Sob o manto da noite, o homem derrubou uma cerca e entrou no parque. Mas os guardas o ouviram e o levaram embora acorrentado. Levado diante do rei na manhã seguinte, ele foi condenado à morte e levado para fora da cidade até o local da execução, onde foi empalado. Enquanto morria lentamente em intensa agonia, com corvos bicando seus olhos, ele murmurava para si mesmo que sua maior dor era não poder ver sua esposa com roupas novas e lindas. Então ele morreu e renasceu no inferno.

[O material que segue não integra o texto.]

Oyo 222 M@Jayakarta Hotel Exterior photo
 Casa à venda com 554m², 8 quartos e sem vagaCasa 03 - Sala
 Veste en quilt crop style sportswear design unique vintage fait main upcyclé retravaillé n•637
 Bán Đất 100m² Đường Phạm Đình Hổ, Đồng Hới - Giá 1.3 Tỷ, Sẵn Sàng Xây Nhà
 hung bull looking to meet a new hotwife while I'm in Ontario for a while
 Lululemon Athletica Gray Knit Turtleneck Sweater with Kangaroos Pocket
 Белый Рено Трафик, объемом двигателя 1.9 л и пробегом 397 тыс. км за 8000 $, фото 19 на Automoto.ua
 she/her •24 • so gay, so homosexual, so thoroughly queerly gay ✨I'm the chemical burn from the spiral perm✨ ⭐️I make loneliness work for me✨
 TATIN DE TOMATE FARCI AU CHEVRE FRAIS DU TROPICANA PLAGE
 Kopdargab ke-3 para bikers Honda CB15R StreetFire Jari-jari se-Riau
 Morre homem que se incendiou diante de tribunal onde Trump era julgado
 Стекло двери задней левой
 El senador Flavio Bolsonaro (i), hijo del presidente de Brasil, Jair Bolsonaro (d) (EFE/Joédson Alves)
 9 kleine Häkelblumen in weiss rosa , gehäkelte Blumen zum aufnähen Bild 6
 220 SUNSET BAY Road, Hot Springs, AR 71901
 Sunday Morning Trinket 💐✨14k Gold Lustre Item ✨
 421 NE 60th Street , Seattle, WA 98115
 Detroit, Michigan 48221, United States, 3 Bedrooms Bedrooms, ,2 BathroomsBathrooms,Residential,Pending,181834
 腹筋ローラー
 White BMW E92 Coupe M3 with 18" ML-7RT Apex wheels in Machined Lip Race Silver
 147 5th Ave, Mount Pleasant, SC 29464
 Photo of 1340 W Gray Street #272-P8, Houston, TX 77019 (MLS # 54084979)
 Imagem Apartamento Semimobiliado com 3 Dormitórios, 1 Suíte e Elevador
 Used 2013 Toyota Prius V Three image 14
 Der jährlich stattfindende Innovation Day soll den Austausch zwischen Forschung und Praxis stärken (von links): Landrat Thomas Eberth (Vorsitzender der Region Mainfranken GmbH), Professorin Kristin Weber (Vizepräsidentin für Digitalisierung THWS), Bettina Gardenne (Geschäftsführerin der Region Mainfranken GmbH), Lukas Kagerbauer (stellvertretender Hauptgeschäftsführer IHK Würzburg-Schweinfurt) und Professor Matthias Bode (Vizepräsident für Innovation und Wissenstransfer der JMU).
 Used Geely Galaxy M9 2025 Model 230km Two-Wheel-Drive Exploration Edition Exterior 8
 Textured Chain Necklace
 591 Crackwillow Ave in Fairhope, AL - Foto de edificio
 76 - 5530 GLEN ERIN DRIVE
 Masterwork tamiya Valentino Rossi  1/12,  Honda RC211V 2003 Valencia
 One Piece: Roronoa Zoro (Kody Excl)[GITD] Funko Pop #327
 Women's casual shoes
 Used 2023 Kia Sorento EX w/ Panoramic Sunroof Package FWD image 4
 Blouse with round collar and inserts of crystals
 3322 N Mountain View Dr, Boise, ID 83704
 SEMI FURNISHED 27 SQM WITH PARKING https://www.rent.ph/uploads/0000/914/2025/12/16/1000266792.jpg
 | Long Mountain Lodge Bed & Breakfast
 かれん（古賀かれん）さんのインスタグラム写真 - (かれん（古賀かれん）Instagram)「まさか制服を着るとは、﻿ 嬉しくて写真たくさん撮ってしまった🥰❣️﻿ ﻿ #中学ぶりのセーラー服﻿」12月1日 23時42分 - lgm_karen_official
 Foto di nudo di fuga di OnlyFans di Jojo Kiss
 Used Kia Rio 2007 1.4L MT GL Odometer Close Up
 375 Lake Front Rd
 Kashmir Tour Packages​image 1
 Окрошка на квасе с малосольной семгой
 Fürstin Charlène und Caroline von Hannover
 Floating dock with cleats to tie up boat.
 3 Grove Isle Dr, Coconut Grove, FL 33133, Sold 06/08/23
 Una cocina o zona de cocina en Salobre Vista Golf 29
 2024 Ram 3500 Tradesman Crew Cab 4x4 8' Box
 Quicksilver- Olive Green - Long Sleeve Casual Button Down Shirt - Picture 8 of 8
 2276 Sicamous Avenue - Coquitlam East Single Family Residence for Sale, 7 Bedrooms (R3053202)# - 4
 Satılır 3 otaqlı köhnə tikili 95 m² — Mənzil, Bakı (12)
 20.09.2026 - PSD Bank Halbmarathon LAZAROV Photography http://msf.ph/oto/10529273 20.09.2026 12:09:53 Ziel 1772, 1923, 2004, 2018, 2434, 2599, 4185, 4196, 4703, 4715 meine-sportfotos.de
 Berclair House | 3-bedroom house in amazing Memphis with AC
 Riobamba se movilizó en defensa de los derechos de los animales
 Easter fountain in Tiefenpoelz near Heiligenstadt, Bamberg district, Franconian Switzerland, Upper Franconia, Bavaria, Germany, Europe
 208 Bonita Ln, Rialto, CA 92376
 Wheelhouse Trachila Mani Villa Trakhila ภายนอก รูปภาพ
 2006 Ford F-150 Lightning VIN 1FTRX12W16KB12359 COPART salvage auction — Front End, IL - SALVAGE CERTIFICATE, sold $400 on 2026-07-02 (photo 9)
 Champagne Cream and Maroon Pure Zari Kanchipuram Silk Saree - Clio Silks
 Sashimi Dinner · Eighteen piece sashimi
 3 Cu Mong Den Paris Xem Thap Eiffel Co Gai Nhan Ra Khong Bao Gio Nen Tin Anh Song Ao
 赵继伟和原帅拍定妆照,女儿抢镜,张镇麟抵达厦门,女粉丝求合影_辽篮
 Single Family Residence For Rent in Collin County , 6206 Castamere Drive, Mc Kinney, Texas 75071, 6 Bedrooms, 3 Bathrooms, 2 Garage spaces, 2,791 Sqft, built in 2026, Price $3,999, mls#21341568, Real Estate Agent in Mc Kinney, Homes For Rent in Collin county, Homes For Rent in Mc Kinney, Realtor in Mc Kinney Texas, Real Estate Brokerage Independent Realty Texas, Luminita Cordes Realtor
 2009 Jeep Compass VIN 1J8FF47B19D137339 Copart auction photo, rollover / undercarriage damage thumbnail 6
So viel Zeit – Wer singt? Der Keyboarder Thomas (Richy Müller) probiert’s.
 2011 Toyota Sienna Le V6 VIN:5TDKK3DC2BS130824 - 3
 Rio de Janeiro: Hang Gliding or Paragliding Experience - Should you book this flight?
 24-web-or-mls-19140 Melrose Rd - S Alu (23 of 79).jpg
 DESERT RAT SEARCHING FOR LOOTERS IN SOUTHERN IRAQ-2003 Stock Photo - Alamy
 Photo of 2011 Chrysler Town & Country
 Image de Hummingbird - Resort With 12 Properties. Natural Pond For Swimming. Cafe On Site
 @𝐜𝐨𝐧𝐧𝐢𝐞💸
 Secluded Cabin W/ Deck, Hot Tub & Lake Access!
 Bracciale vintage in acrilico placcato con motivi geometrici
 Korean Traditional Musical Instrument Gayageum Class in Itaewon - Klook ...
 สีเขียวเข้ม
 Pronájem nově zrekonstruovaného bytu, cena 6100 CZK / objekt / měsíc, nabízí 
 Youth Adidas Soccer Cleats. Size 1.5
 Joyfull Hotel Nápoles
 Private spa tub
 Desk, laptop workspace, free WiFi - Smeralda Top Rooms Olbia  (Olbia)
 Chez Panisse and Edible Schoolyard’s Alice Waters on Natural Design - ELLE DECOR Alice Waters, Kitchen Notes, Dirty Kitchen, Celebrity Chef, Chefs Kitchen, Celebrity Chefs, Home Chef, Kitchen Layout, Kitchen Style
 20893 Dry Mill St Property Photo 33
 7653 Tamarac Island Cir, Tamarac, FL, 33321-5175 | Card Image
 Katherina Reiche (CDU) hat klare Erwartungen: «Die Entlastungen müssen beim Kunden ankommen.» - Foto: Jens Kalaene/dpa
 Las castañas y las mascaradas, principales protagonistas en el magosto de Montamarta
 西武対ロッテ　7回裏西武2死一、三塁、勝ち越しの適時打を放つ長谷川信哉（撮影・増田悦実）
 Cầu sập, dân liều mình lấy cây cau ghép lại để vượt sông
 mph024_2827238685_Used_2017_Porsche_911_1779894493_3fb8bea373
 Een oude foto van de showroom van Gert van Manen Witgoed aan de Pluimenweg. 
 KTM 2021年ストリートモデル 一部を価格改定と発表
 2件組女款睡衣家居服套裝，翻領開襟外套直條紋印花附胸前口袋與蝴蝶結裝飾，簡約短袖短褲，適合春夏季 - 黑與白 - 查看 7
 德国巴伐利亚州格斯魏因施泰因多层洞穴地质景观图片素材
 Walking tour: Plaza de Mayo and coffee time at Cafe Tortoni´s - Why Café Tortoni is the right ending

O Bodhisatta viu tudo isso acontecer.
Durante a Vida do Buda
Um dos discípulos do Buda começou a sentir saudades de sua esposa de sua vida leiga. O marido e a mulher que buscavam o pano tingido de açafrão eram nascimentos anteriores deste discípulo e de sua esposa, e o Buda contou ao discípulo esta história de seu passado, para que ele soubesse que sua esposa era prejudicial a ele e que ele não deveria a desejar.